**Collected data entries**
• • • •

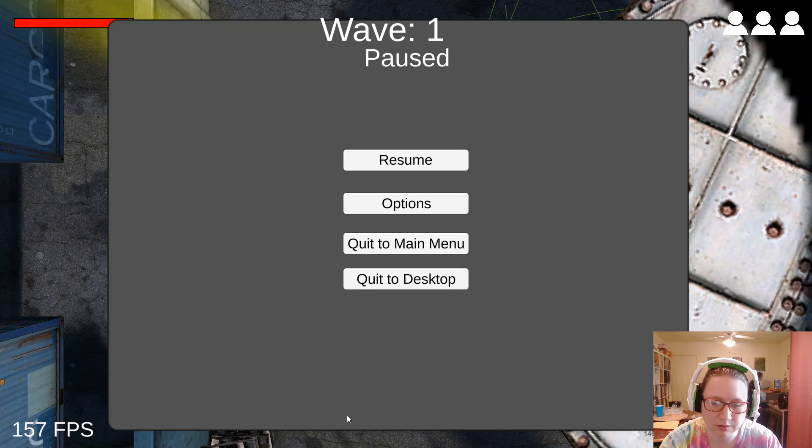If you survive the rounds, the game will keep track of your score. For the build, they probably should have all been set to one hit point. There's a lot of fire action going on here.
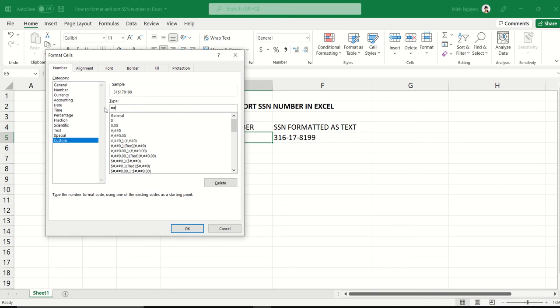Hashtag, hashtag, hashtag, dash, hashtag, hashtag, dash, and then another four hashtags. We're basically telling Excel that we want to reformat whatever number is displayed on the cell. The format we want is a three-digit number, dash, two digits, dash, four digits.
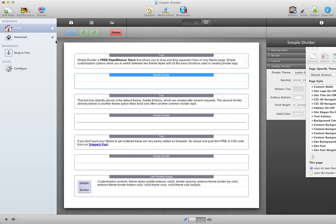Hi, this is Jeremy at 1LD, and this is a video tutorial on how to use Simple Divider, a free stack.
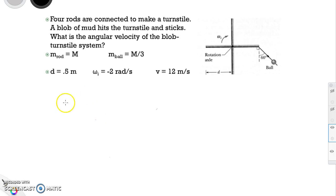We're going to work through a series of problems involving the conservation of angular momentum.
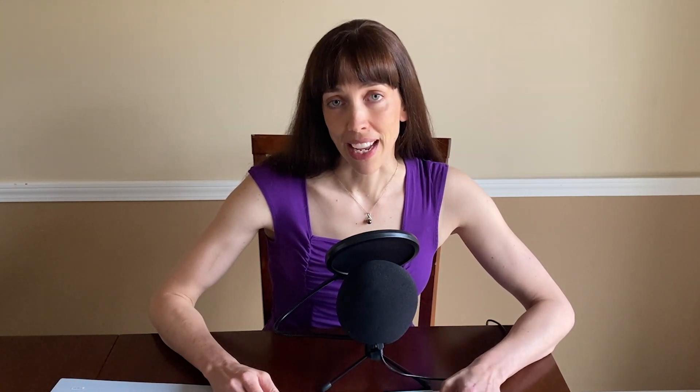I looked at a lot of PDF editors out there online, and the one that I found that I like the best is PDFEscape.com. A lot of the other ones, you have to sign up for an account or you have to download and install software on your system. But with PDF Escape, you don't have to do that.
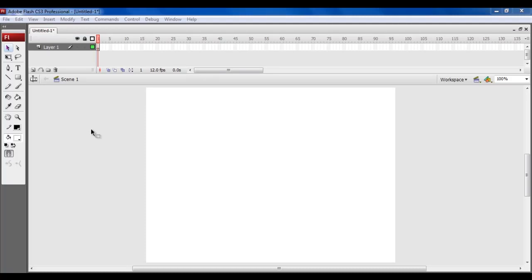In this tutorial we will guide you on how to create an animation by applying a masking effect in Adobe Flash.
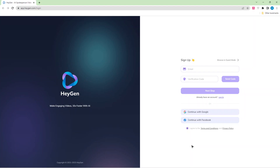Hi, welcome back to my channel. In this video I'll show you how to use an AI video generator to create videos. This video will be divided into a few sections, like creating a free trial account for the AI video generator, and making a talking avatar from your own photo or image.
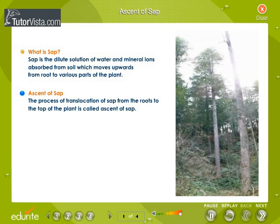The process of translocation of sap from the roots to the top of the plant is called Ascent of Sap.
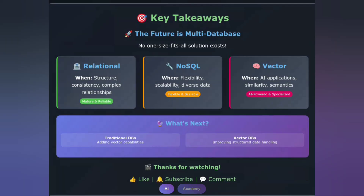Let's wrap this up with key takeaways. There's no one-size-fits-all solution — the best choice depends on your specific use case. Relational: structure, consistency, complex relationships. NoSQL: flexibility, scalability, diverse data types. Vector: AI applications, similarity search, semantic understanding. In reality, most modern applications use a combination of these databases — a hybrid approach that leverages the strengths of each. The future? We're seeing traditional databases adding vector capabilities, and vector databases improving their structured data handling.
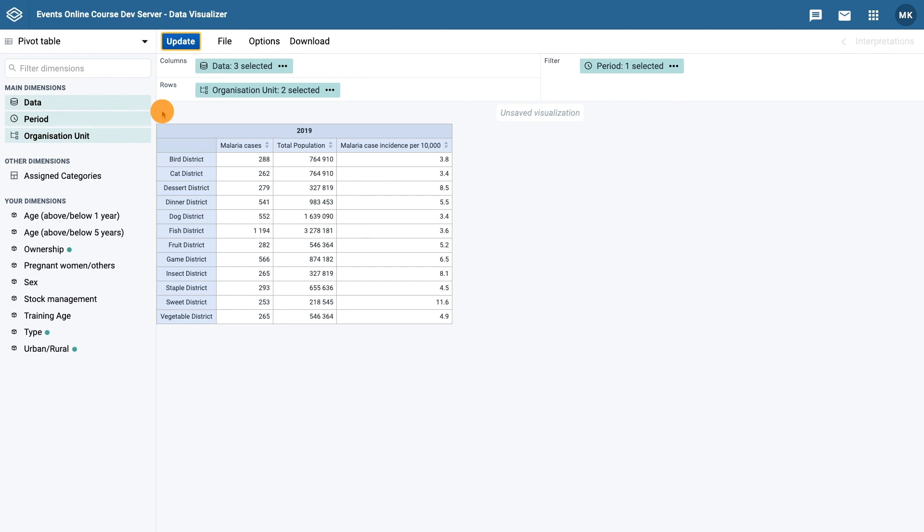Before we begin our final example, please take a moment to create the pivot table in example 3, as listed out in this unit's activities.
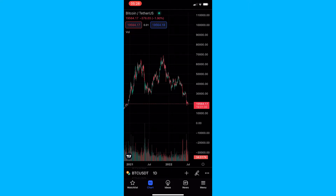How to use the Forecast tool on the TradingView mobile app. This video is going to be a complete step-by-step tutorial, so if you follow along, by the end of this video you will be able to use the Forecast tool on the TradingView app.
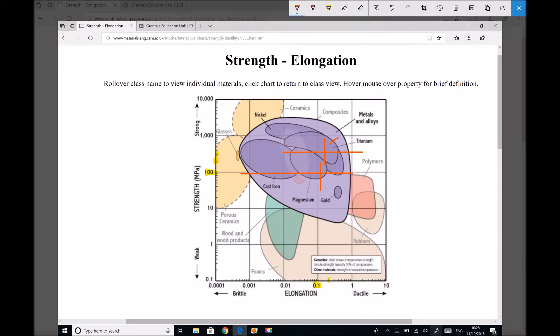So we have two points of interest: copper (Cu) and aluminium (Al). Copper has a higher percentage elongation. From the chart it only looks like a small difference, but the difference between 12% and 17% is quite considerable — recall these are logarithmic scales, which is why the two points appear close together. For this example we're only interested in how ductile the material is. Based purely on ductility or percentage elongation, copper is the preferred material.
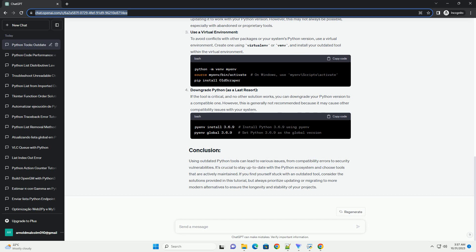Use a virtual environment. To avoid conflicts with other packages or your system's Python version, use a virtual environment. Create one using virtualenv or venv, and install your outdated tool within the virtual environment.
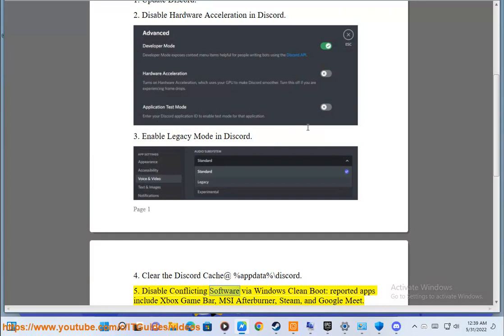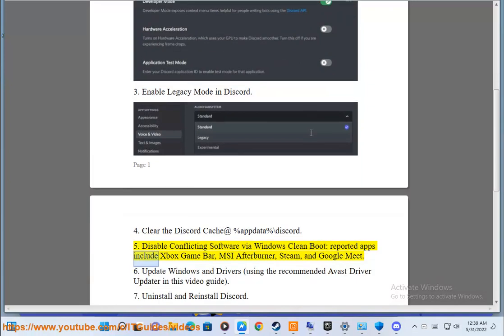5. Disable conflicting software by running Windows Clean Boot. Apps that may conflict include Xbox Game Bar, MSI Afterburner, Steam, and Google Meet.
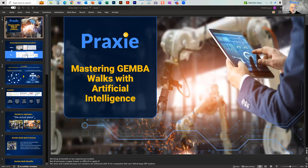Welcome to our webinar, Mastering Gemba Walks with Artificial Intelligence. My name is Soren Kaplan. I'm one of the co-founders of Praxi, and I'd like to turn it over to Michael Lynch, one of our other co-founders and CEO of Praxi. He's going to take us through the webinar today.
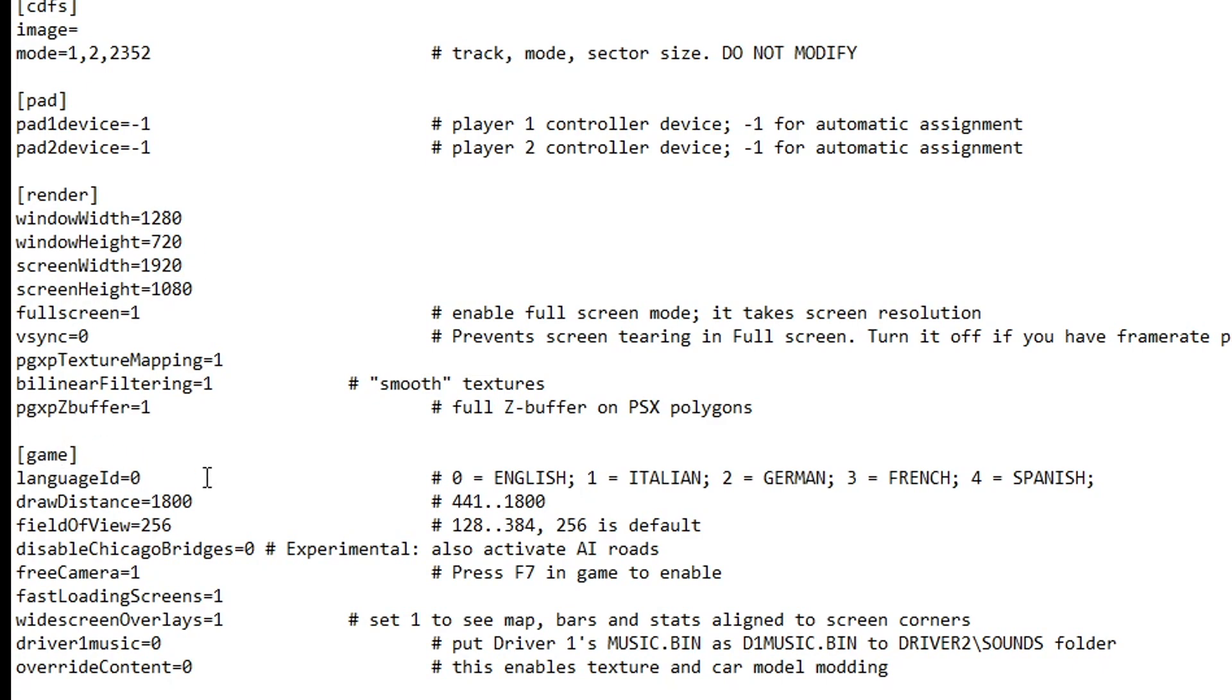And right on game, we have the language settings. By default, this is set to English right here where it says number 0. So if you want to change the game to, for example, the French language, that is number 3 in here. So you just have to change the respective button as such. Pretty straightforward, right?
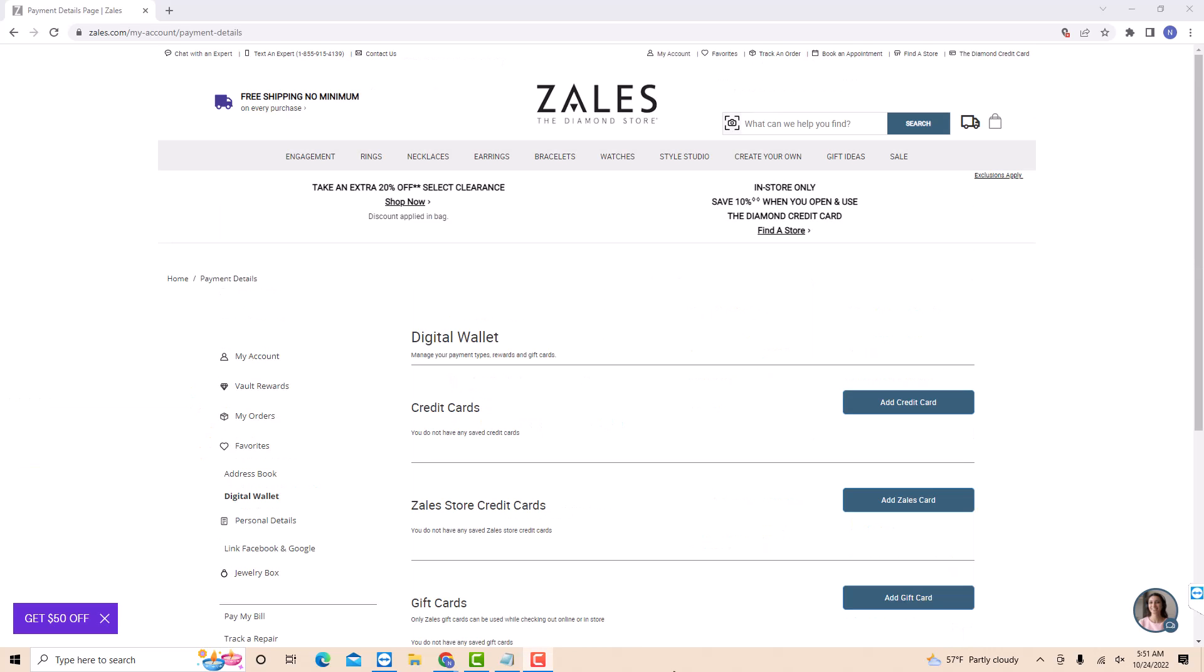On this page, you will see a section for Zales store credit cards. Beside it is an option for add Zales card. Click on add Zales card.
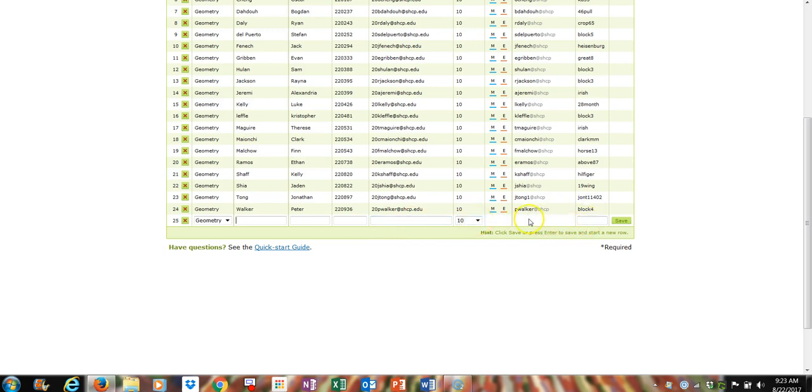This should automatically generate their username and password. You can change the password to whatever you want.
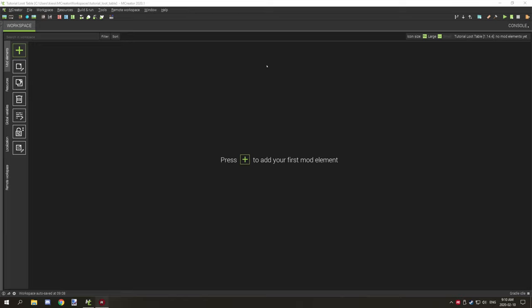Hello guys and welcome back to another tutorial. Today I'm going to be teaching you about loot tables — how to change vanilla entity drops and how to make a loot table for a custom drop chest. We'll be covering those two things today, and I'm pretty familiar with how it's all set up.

• • • •

**Work required**
Nothing but the lines from the start of the records through the line holding "Let's wrap this" should be printed, exactly as written and with the pictures left out.

**Answer to the problem**
If you survive the rounds, the game will keep track of your score. For the build, they probably should have all been set to one hit point. There's a lot of fire action going on here.
Hashtag, hashtag, hashtag, dash, hashtag, hashtag, dash, and then another four hashtags. We're basically telling Excel that we want to reformat whatever number is displayed on the cell. The format we want is a three-digit number, dash, two digits, dash, four digits.
Hi, this is Jeremy at 1LD, and this is a video tutorial on how to use Simple Divider, a free stack.
We're going to work through a series of problems involving the conservation of angular momentum.
I looked at a lot of PDF editors out there online, and the one that I found that I like the best is PDFEscape.com. A lot of the other ones, you have to sign up for an account or you have to download and install software on your system. But with PDF Escape, you don't have to do that.
In this tutorial we will guide you on how to create an animation by applying a masking effect in Adobe Flash.
Hi, welcome back to my channel. In this video I'll show you how to use an AI video generator to create videos. This video will be divided into a few sections, like creating a free trial account for the AI video generator, and making a talking avatar from your own photo or image.
The process of translocation of sap from the roots to the top of the plant is called Ascent of Sap.
Let's wrap this up with key takeaways. There's no one-size-fits-all solution — the best choice depends on your specific use case. Relational: structure, consistency, complex relationships. NoSQL: flexibility, scalability, diverse data types. Vector: AI applications, similarity search, semantic understanding. In reality, most modern applications use a combination of these databases — a hybrid approach that leverages the strengths of each. The future? We're seeing traditional databases adding vector capabilities, and vector databases improving their structured data handling.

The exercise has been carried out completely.